Police are ignoring pleas from a local council to ban a demonstration by the far-right English Defence League (EDL) in Hyde, Greater Manchester.

Tameside Council, which governs Hyde, passed a motion calling for the march to be stopped.

"I have a very simple message for the EDL and other right wing extremists who might be thinking of coming to Hyde this weekend - you will not divide us and you are not welcome here so stay away," council leader Kieran Quinn wrote on his blog.

In order for a ban to be put in place, Greater Manchester Police must write to the Home Office to request one. A Home Office spokesman told IBTimes UK that no application for a ban had been made.

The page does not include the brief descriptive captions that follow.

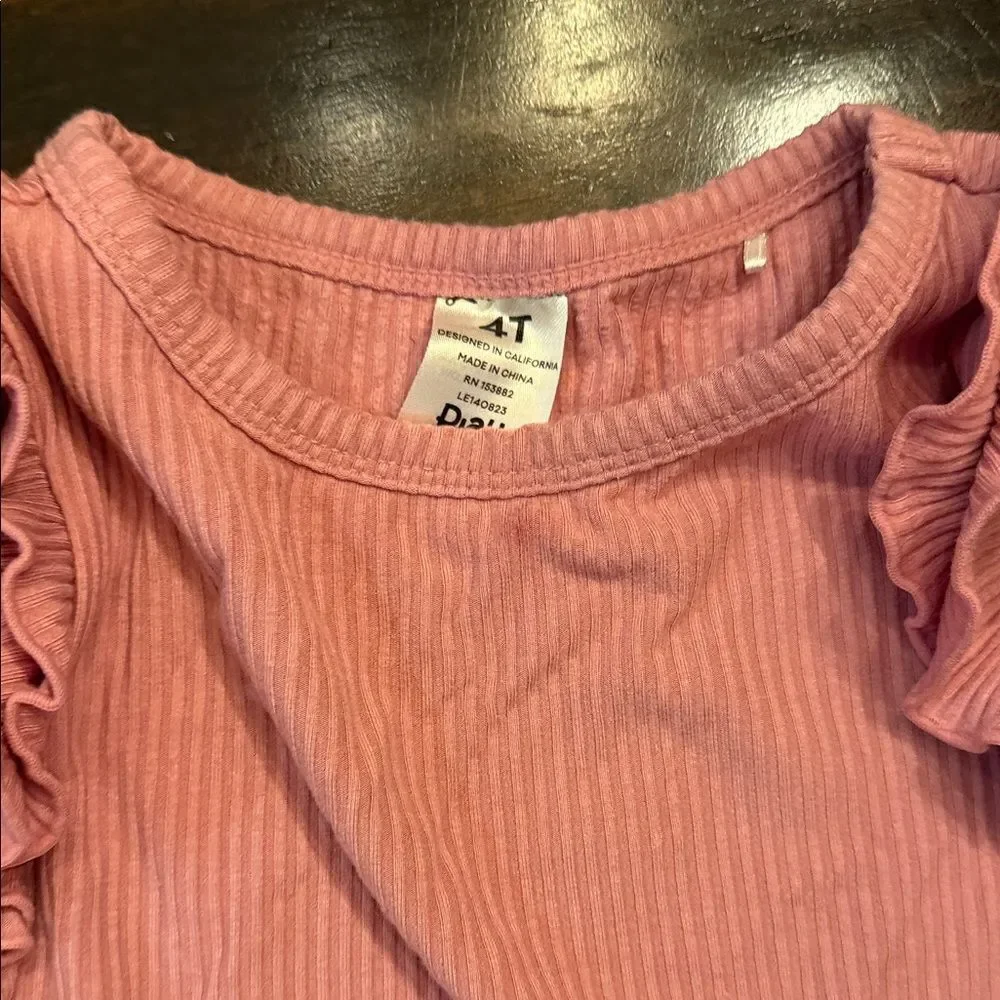 Little Sleepies Coral Ruffled Pajama Set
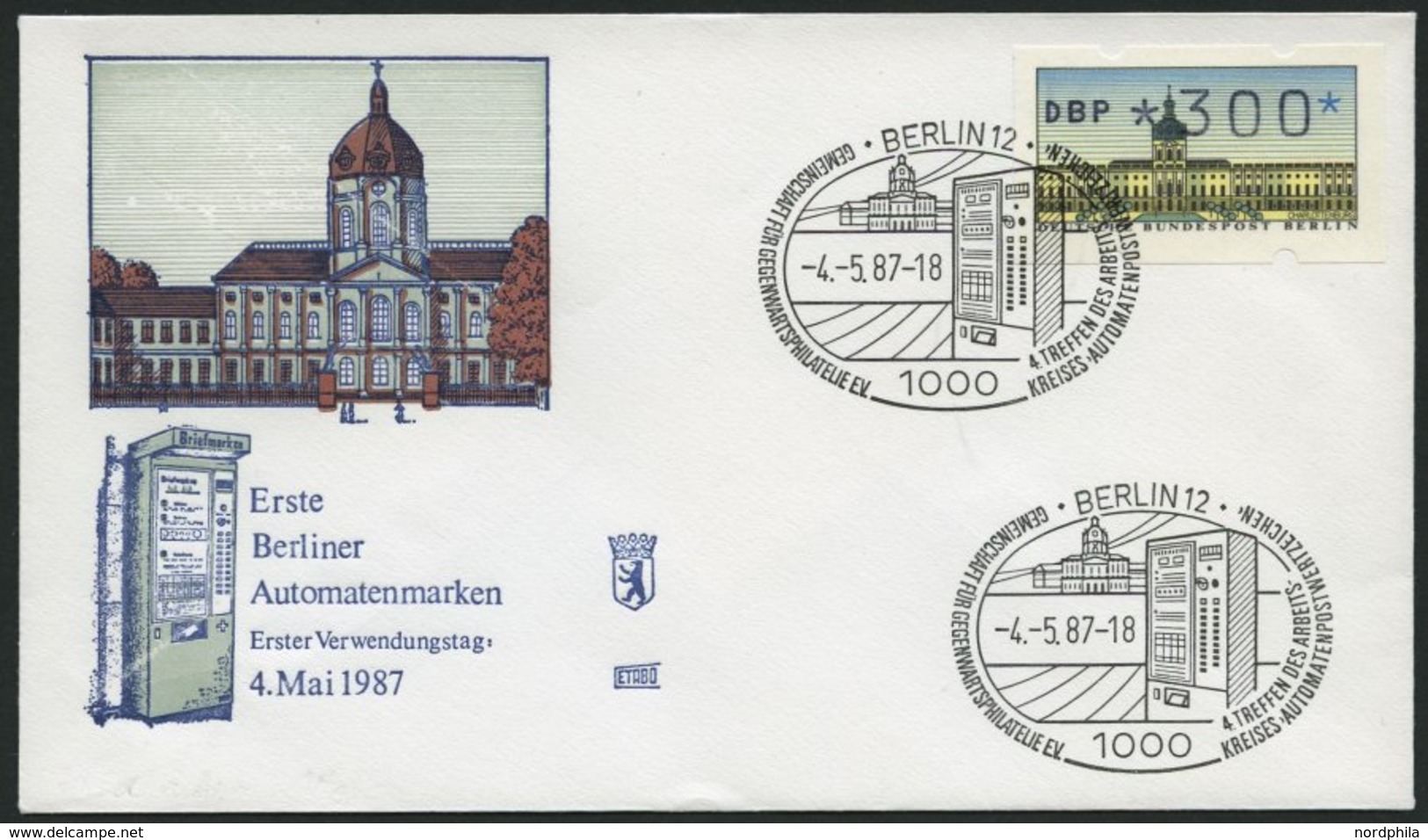 AUTOMATENMARKEN A TS 1 BRIEF, 1987, Komplette Tastenmarken 1 Charlottenburg Auf 14 FDC`s, Pracht, Mi. 75.- - Covers & Documents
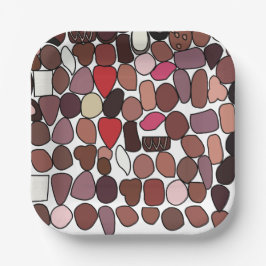 Plato De Papel Chocolate Candy Confección Fiesta de cumpleaños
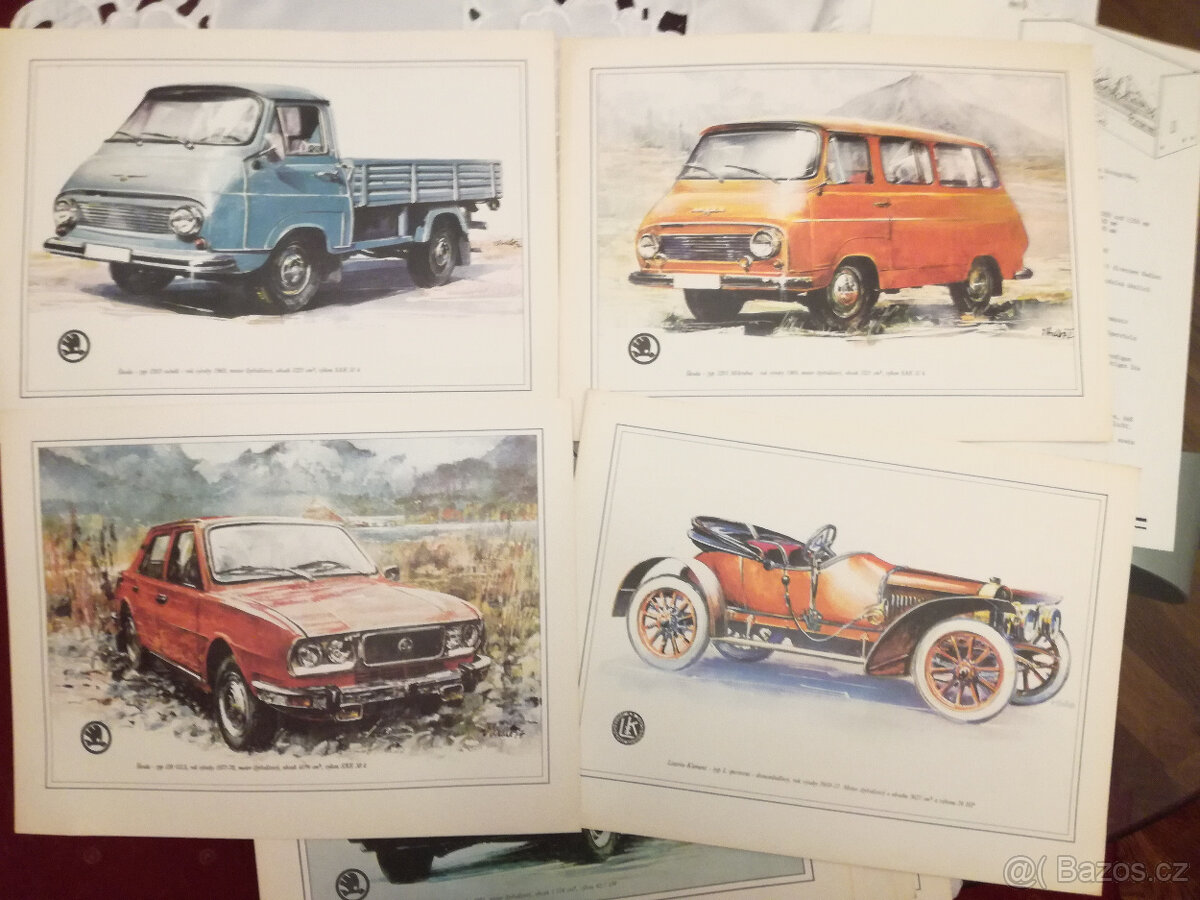 kreslene modely Škoda auta - 2
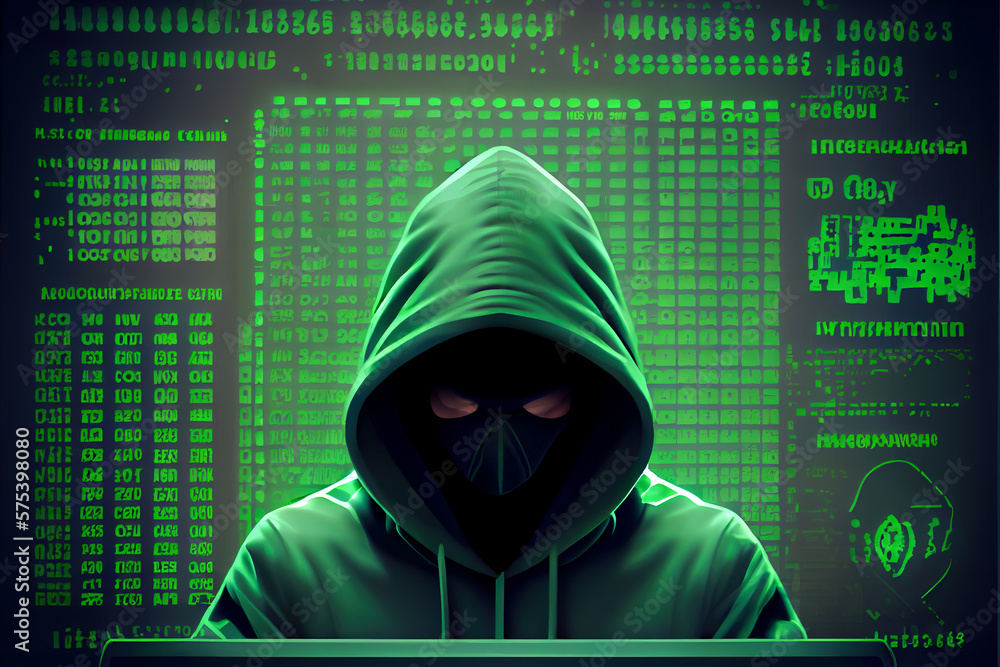 Poster hooded hacker against green background with computer code. generative ai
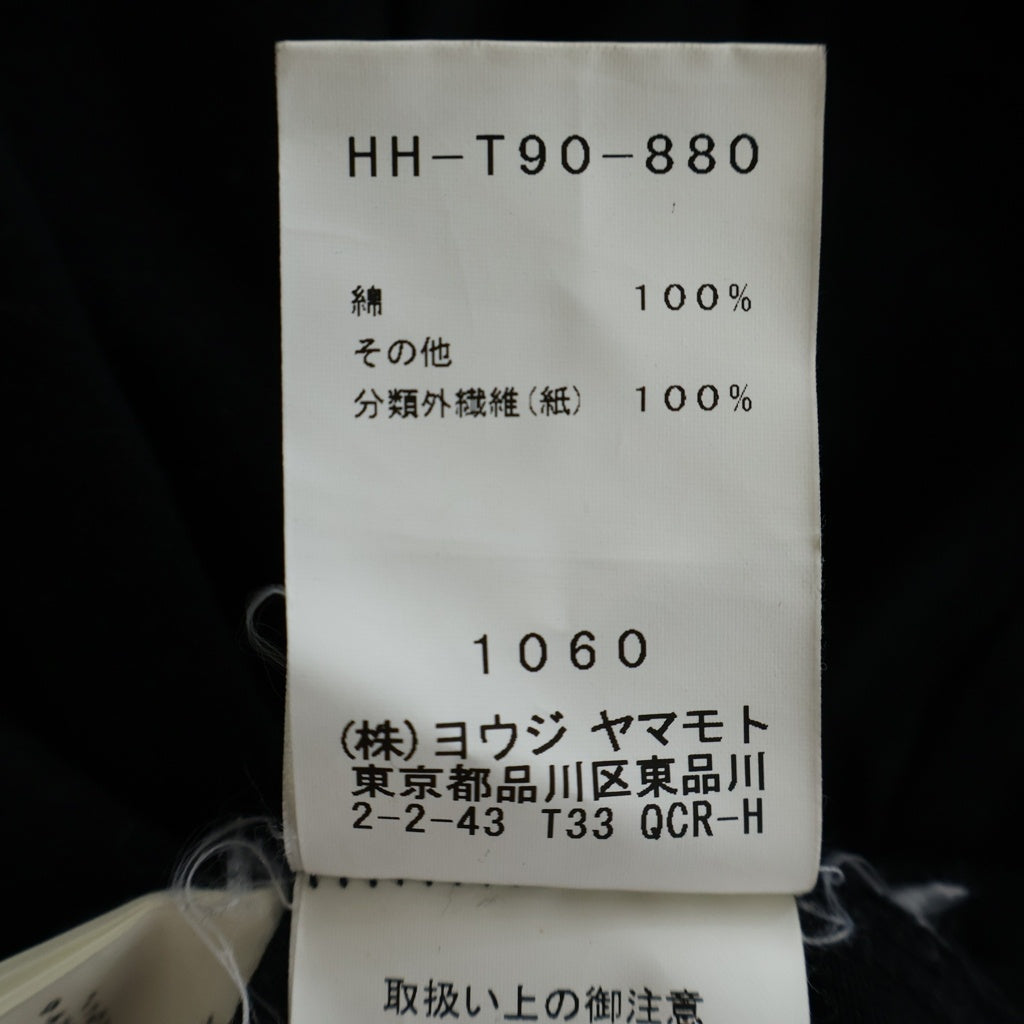 Yohji Yamamoto POUR HOMME(ヨウジヤマモト プールオム) 19SS パッチデザイン クルー ネック 長袖Tシャツ カットソー ブラック HH-T90-880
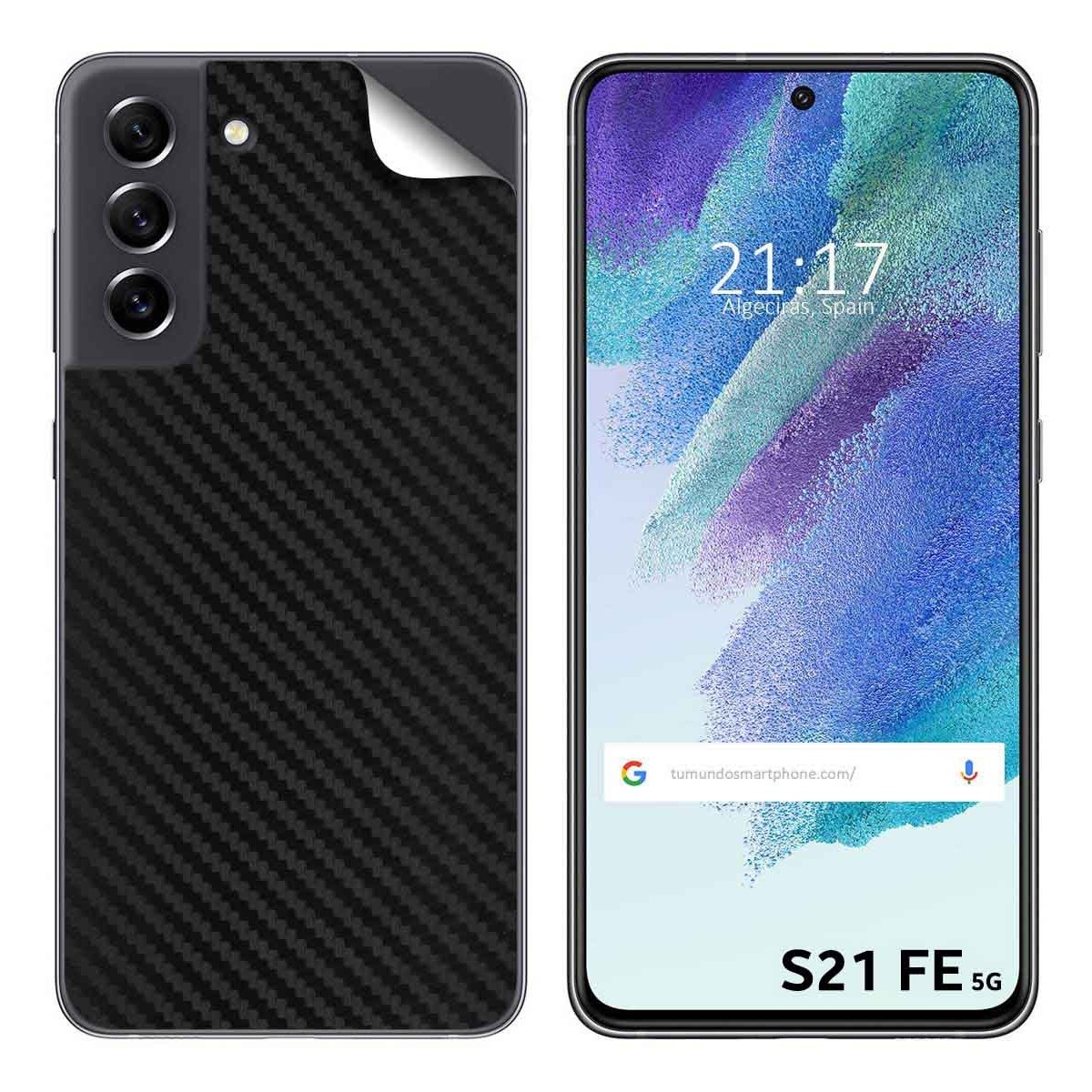 Pegatina Vinilo Autoadhesiva Textura Carbono para Samsung Galaxy S21 FE 5G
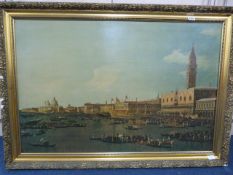 Large Gilt Framed Venetian Scene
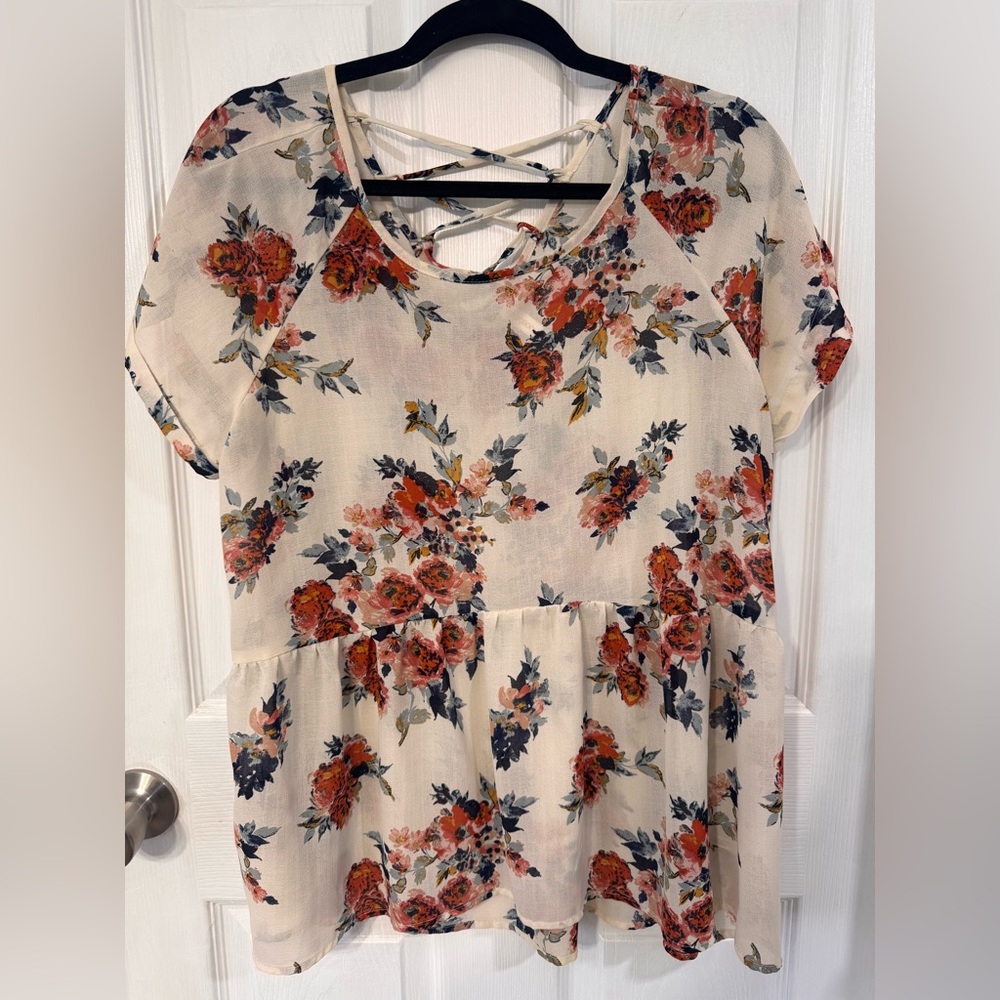 Corset back sheer blouse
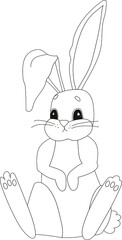 Vector outline image of a cute bunny with big ears and eyes. Coloring book for children.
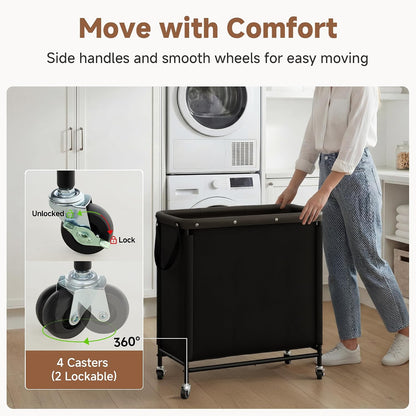Laundry Hamper with Wheels and Removable Liner Bag, Beige, 90L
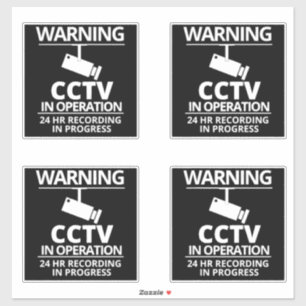 Adesivo Sinais de vigilância de vídeo, vinheta de aviso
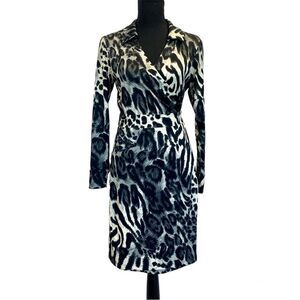 Femme de carriere leopard wrap dress Sz M Black gray white
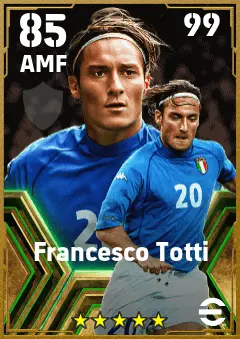 Francesco Totti eFootball 2026 player card — 85 OVR AMF
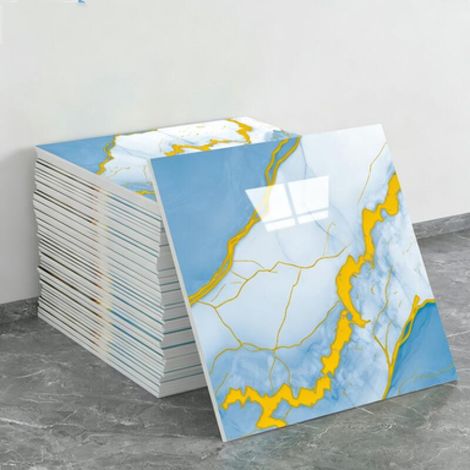 10 láminas de papel pintado autoadhesivo que imitan azulejos de cerámica (efecto cerámico, dimensiones: 30 x 30 x 0,8 cm) (1/5)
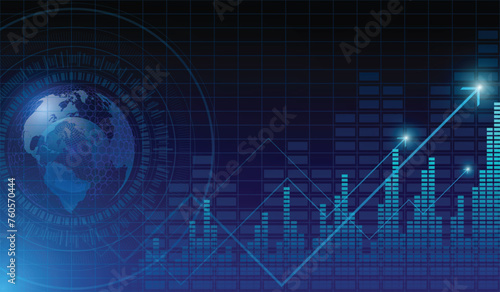 Stock market and trading.trend of graph vector design.Corporate future growth plan.digital graph.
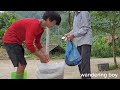 The boy caught many large catfish in the field and sold them. and was evicted from his residence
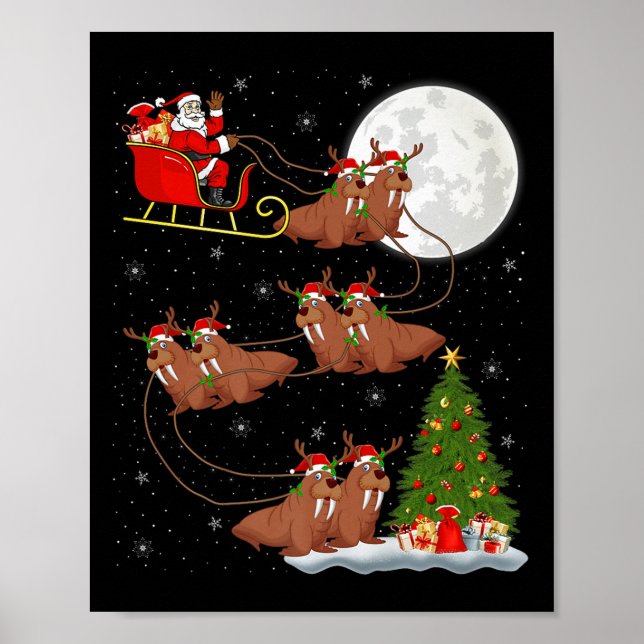 Poster Walrus Santa Sleigh Flying Funny Magical Christmas (Frente)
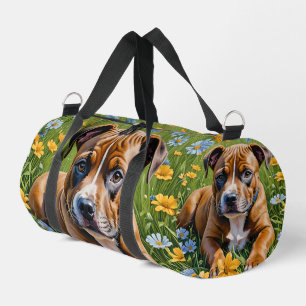 Springtime Staffordshire Bull Terrier Puppy, Duffle Bag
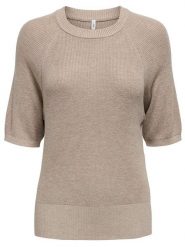 ONLY Sweter w kolorze beżowym rozmiar: S. Brązowe swetry ONLY, s, bez wzorów, z wiskozy, klasyczne, bez ramiączek. Za 79.40 zł.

"There is considerable work going on to contain the demonstration," Lynn Travis, Labour Party secretary for the Hyde branch, said.

"It is not going to be a march. Apparently, we have agreement from the EDL that they will gather at the station they arrive in and they will be taken to an area where they can have their protest, which is a very large car park.

"They will probably construe that as a march but there is no way that they will be allowed to march through the mainly Asian area of the town.

"All we can do is hope that it is contained."

The EDL is demonstrating in Hyde after an alleged racial assault on a white teenage called Daniel Stringer-Prince by an Asian group.

Stringer-Prince's mother distanced herself from the EDL.

"The EDL have decided to do this and it's go nothing to do with us whatsoever," Cheryl Stringern told the Manchester Evening News.

"We don't want this march to go ahead. It's not going to change anything - it won't make anything better. It will just cause more problems. I certainly don't want Daniel's name dragged into something we don't agree with."

EDL members were defying the family's wishes.

"We don't need the approval or even the support of the victims of these vicious racist attacks against our people in order to hold a demo," wrote one EDL blogger called Suzy.

"We are quite entitled to be outraged and demo anywhere we see fit."

The group has been linked with a violent rampage in nearby Rochdale on 23 February, which saw a takeaway linked to a rape trial have its windows smashed and bricks thrown at police.